On the Culture

Taking Time Off with Family

By Dr. Jeff Mirus (bio - articles - send a comment) | June 19, 2005 4:25 PM

Once a year I try to get the whole family together for a week at some relaxing vacation spot. By “the whole family”, in this case, I mean my wife and myself, the children we still have at home, and our married children, their spouses and their children. We are especially blessed in that we all get along and we all share the same values. This year we rented a house in St. Michaels, Maryland, on the Miles River, which flows quickly into the Chesapeake Bay. Just two hours from home, this location provides a complete change of scene and of pace, so critical to relaxation. It is also a good sailing spot, and I could leave my little trailerable sailboat in the water for the week, so I didn’t have to unload it and rig it each time it was used.

We have a variety of interests and maturity levels in our group of 13 (ages 1 to 57), and we also enjoyed a visit from my wife’s parents, who are celebrating their 80th birthdays this year. Because of this variety, we always try to select a location with diverse recreational opportunities. St. Michaels, with its lovely harbor at the mouth of the Miles looking out onto the Eastern Bay, and with its many shops and restaurants, makes a great getaway. Nearby Easton has more shops and restaurants. Easton has something else as well: a fine old parish in Sts. Peter and Paul, which also supports a mission in St. Michaels. The availability of daily Mass, our evening family rosaries, and shared meals, recreation, and child care combine to create a week away which not only gives everyone a break but strengthens family ties.

To be sure, shared values and a common spirituality are necessary to make a week together work at such close quarters. But within this framework, it can work very well indeed. I mention the shared values and common spirituality because where there are substantial differences in values and lifestyle, the stresses will surely make true relaxation impossible. In such situations, one would need far more space—separate accommodations for different family groups—and far more independent time in order to enjoy one another’s company in peace. Where the spiritual bonds are stronger, however, inessential differences are seldom stressful. For example, people can go their own ways recreationally at times without any chafing. Everybody helps out and all get chances to unwind in the ways they like best.

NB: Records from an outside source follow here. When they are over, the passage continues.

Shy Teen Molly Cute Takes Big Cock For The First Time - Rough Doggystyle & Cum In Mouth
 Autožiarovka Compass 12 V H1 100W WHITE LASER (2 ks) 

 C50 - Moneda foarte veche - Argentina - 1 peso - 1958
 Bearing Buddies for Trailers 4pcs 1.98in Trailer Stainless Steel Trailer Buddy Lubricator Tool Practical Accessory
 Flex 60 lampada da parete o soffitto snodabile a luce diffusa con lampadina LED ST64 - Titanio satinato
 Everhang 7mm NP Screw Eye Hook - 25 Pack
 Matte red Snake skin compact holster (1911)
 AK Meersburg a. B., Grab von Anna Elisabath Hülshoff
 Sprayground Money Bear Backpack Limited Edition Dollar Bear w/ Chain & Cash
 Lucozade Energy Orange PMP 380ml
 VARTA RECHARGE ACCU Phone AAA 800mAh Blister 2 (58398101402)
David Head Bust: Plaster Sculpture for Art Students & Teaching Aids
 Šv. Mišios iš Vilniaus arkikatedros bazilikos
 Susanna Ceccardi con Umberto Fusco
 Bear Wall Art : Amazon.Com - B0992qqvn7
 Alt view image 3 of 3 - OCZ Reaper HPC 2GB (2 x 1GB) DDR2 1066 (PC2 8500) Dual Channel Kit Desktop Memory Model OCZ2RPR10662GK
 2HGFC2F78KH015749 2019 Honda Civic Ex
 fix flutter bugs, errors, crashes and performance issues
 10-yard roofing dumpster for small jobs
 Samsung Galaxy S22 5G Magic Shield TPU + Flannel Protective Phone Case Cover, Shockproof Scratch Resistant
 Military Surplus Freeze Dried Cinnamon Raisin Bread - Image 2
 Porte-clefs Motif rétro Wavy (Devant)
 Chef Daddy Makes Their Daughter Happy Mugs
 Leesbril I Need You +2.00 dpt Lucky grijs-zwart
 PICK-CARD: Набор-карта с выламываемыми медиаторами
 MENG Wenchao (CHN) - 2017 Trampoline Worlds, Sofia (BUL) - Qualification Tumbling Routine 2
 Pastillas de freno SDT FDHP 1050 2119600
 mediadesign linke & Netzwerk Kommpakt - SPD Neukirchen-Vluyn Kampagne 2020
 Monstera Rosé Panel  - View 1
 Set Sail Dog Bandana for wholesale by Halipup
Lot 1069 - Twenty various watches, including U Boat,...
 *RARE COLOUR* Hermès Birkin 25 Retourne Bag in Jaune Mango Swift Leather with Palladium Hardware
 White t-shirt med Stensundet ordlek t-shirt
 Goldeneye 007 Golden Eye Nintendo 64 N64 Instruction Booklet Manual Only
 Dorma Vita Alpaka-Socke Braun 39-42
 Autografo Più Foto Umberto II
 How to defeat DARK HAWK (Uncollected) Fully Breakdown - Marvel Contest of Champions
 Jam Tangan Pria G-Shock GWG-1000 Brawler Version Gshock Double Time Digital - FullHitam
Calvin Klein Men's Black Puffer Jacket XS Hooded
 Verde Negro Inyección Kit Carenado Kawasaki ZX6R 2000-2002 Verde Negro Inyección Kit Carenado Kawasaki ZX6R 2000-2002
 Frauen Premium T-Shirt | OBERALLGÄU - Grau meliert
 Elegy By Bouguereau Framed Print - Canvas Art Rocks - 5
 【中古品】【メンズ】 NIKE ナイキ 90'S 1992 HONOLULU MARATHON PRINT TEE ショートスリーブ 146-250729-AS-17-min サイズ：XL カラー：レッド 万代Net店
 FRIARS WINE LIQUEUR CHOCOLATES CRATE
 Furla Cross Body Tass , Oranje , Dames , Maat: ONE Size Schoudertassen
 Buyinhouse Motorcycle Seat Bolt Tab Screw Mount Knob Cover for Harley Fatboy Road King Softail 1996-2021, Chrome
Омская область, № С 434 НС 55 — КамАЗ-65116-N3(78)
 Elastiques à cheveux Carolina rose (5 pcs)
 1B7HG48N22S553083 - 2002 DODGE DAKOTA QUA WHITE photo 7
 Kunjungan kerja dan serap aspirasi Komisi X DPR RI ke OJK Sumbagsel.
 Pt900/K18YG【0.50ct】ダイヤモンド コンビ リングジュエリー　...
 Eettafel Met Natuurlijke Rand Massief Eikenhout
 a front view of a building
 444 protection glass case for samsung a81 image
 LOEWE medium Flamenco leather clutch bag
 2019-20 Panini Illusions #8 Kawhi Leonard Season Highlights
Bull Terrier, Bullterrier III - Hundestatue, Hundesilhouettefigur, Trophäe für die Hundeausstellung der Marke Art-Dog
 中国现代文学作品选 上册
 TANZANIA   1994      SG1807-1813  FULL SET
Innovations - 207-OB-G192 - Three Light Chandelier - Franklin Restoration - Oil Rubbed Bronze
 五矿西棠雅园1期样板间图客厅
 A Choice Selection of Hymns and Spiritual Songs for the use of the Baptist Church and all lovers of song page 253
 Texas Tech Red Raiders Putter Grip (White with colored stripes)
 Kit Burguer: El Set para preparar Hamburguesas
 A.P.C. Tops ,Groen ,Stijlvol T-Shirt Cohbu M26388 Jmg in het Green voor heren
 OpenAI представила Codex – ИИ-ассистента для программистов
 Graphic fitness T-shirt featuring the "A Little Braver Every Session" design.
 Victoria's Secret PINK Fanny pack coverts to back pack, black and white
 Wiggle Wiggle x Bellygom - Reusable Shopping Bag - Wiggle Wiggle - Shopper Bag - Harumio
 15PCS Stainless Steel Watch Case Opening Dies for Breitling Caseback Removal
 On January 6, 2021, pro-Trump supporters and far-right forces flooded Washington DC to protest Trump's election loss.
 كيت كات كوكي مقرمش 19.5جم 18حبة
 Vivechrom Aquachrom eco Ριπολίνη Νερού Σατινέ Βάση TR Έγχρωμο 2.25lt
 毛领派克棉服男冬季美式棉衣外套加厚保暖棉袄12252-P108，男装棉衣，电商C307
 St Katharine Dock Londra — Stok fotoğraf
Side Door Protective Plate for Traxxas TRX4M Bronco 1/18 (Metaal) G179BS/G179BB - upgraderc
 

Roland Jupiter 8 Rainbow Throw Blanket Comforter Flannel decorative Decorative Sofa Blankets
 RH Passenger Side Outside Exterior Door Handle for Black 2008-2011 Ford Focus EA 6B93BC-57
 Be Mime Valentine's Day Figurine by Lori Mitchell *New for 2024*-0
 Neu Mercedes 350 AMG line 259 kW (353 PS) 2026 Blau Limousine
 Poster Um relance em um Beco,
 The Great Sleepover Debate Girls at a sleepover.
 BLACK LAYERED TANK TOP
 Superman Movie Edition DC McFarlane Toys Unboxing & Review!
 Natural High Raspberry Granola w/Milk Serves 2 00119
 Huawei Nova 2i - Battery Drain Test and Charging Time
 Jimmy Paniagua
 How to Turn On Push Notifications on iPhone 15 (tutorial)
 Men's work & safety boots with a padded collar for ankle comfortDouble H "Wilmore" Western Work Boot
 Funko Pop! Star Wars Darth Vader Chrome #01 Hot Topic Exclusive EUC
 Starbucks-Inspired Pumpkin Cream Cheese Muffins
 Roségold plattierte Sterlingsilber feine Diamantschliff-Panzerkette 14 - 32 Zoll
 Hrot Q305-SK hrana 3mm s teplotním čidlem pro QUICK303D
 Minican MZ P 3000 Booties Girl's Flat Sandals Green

For me, of course, sailing was a top priority. Last Fall I purchased a used 16 foot sailboat on a trailer, a Precision 165, which will carry four or five adults comfortably, but can be sailed easily single-handed. This Spring was my first season on the water, and this vacation on the Chesapeake Bay was my first opportunity to leave the boat in the water for days at a time. Winds were annoyingly light at the beginning of the week, but they rose to around 15 mph by mid-week and stayed there, which was all it took to give us hours of enjoyment. In a play on words, we named our little boat ‘Spray. Spray was the name of the 34-foot sloop which Joshua Slocum sailed around the world in the 1890’s. (Slocum wrote an extremely literate and very interesting book about his experiences, Sailing Alone Around the World.) By putting a leading apostrophe into the name, we tried to capture not only Slocum’s experience but our own inexperience, for the name is also a shortened form of “Let’s pray”.

The things I learned about sailing, including the bilge pumping I had to do because the boat leaks around the bow eye, are perhaps best reserved for another time, or another venue, though opening up a discussion of various forms of recreation among our users would be no bad thing. In any case, all of this was in the context of family. Or, perhaps more to the point, it was in the context of Christian family, which is a great blessing, never to be taken for granted, not even for a moment.